* GIVEN DATA:

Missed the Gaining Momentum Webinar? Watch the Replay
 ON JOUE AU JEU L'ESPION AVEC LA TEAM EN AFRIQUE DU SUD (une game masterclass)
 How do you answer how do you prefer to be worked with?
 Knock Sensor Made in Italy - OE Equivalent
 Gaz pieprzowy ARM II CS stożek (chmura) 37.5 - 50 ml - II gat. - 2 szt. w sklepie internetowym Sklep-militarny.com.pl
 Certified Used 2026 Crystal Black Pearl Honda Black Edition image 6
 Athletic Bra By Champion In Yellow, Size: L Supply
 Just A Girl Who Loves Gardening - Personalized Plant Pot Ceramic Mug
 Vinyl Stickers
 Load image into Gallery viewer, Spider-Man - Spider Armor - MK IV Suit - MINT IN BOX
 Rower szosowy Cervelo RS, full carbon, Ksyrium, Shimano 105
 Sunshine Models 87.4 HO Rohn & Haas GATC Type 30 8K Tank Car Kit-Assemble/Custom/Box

* ASSIGNMENT:
Copy out all lines from the material above that contain the string "image".

* OUTPUT OF THE EXERCISE:
 Certified Used 2026 Crystal Black Pearl Honda Black Edition image 6
 Load image into Gallery viewer, Spider-Man - Spider Armor - MK IV Suit - MINT IN BOX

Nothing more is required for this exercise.